RECORDS PROVIDED:
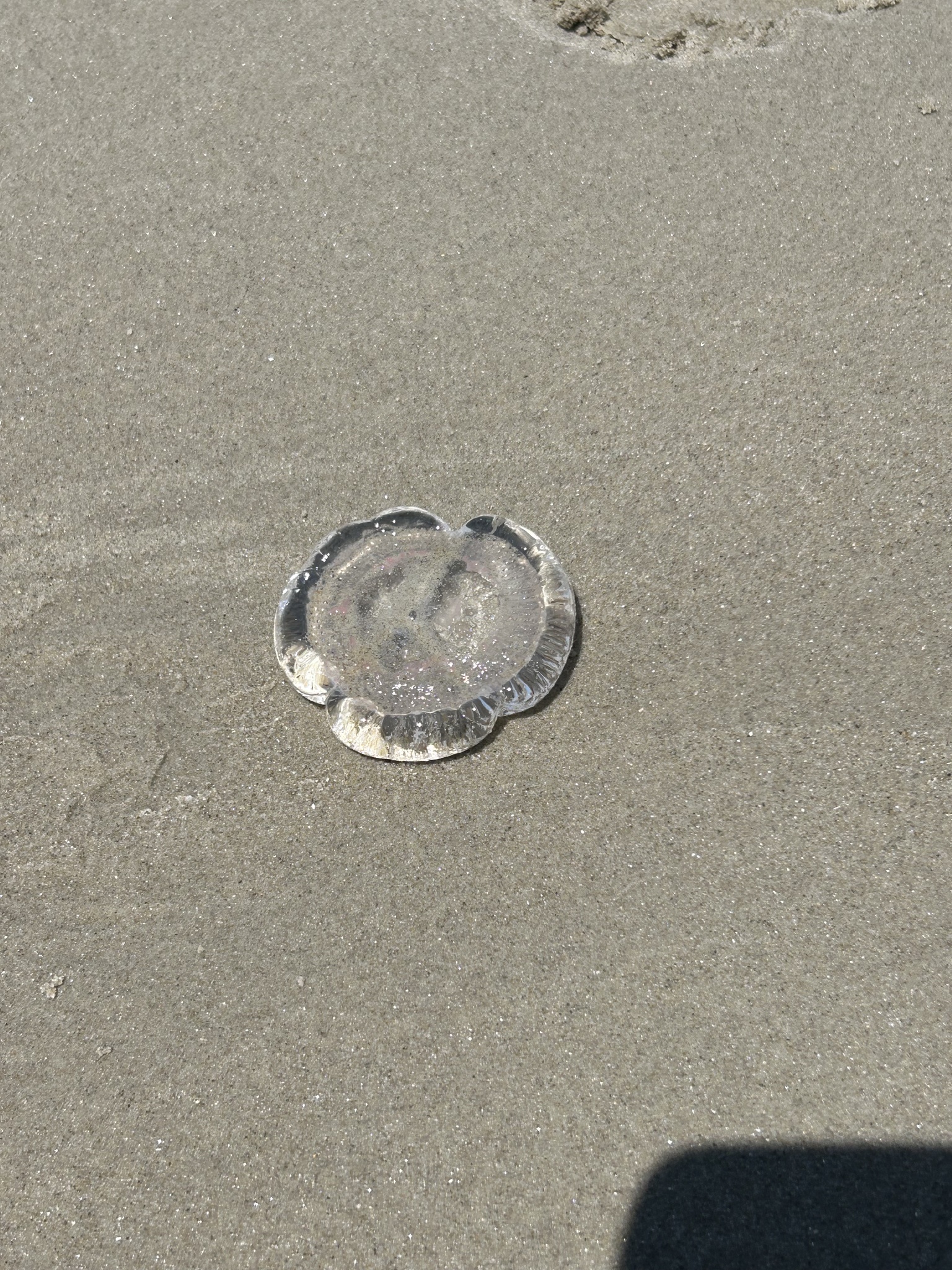 Rhacostoma atlanticum L.Agassiz, 1851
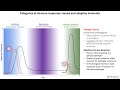 Lecture 1c categories of immune responses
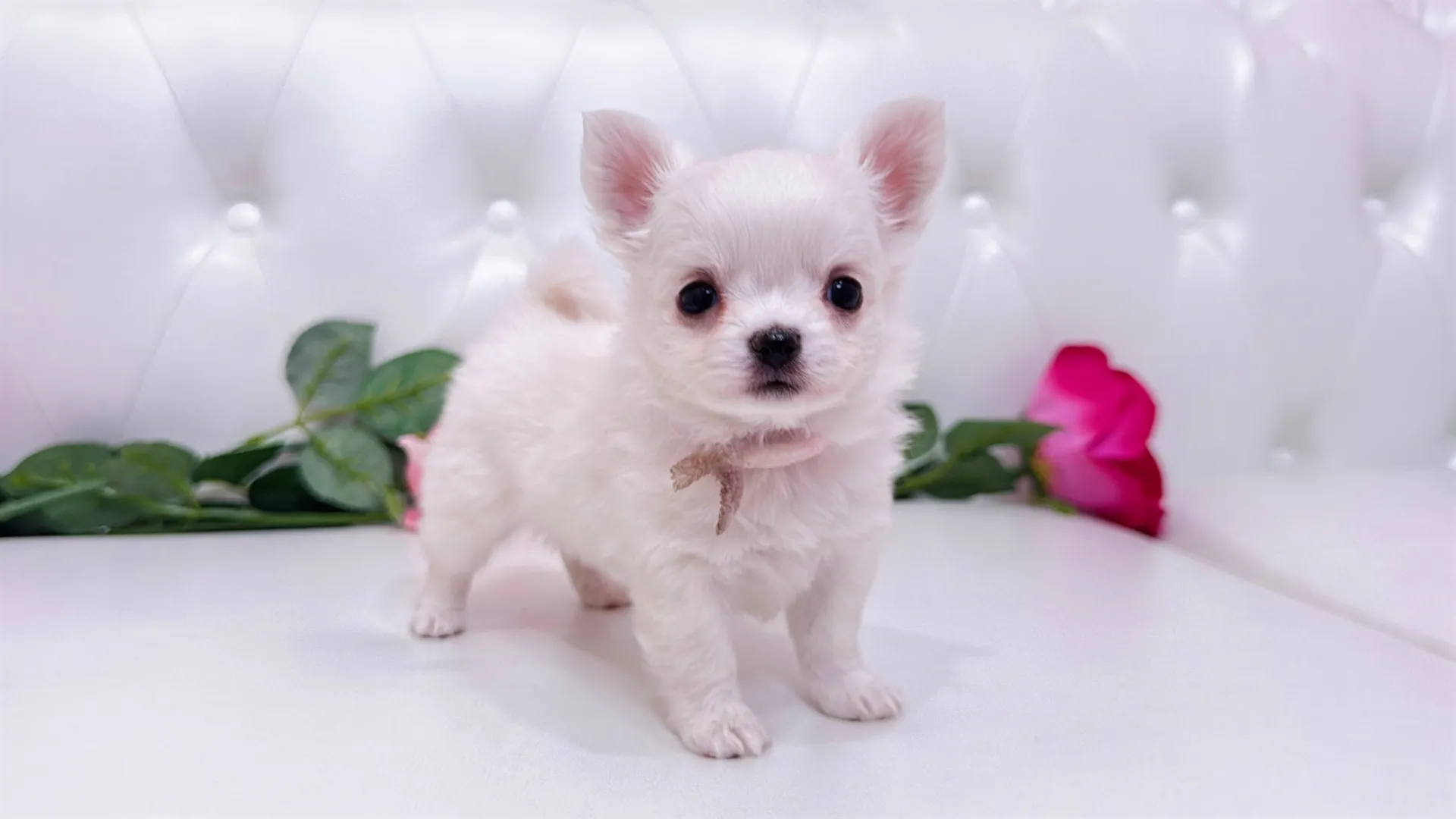 チワワロング（YURA10005）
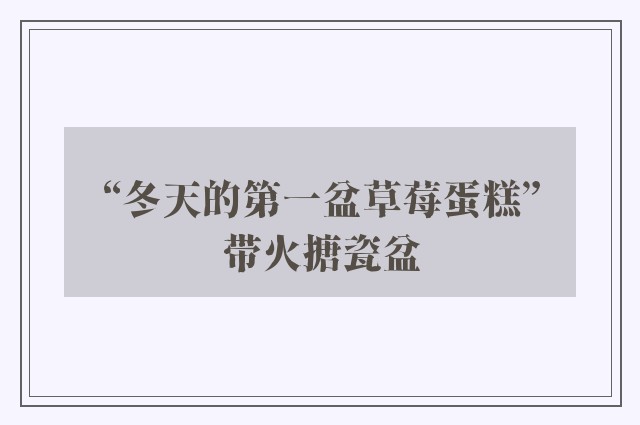 “冬天的第一盆草莓蛋糕”带火搪瓷盆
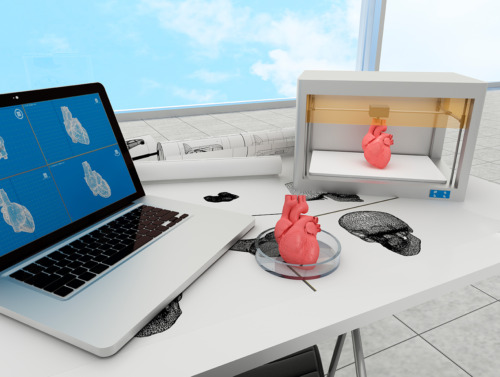 Más que tinta y plástico: llega la impresión 3D de órganos humanos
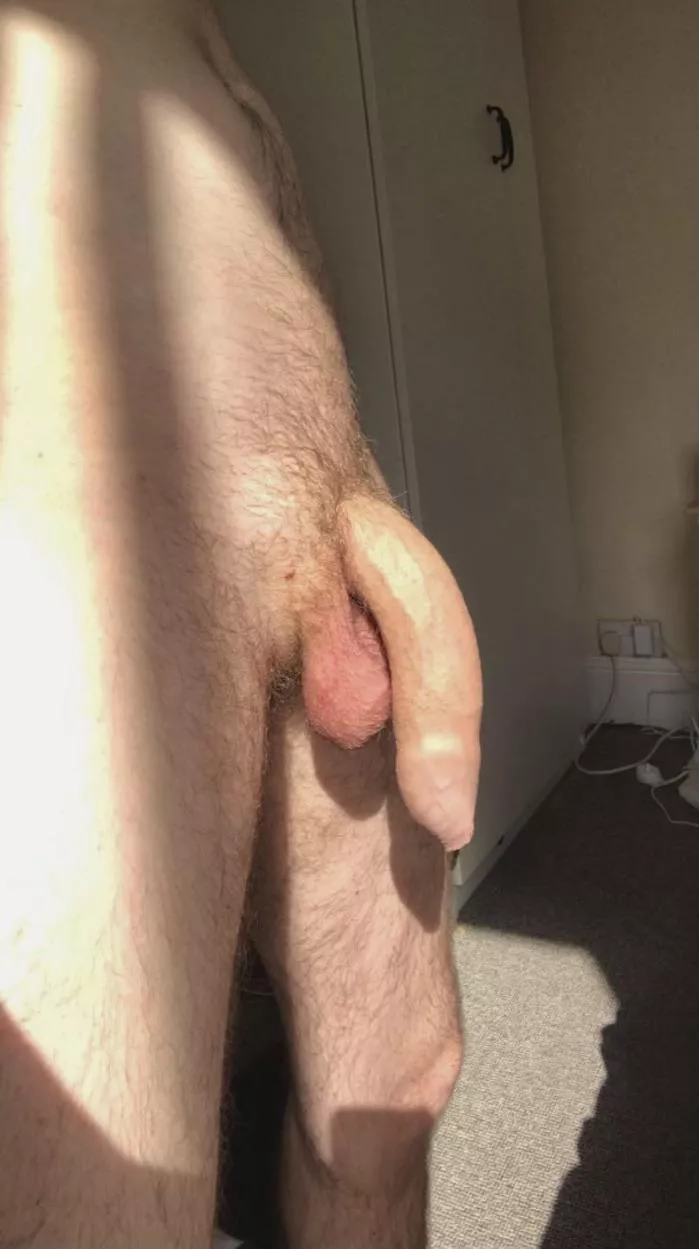 Catching the sun to help my dick grow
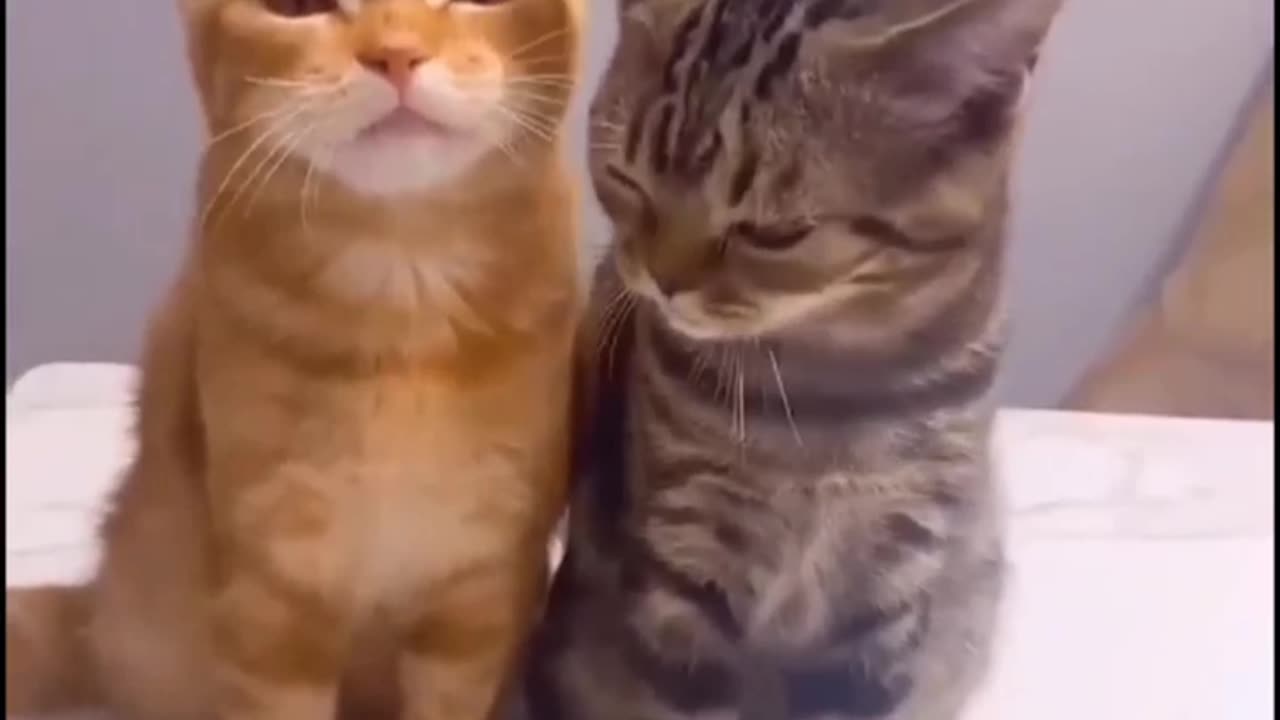Cute cute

THE PROBLEM: Only an exact copy of the lines from the one with "Lecture 1c categories of immune responses" through the last line of the data above is wanted, and no pictures.

ANSWER:
 Lecture 1c categories of immune responses
 チワワロング（YURA10005）
 “冬天的第一盆草莓蛋糕”带火搪瓷盆
 Más que tinta y plástico: llega la impresión 3D de órganos humanos
 Catching the sun to help my dick grow
Cute cute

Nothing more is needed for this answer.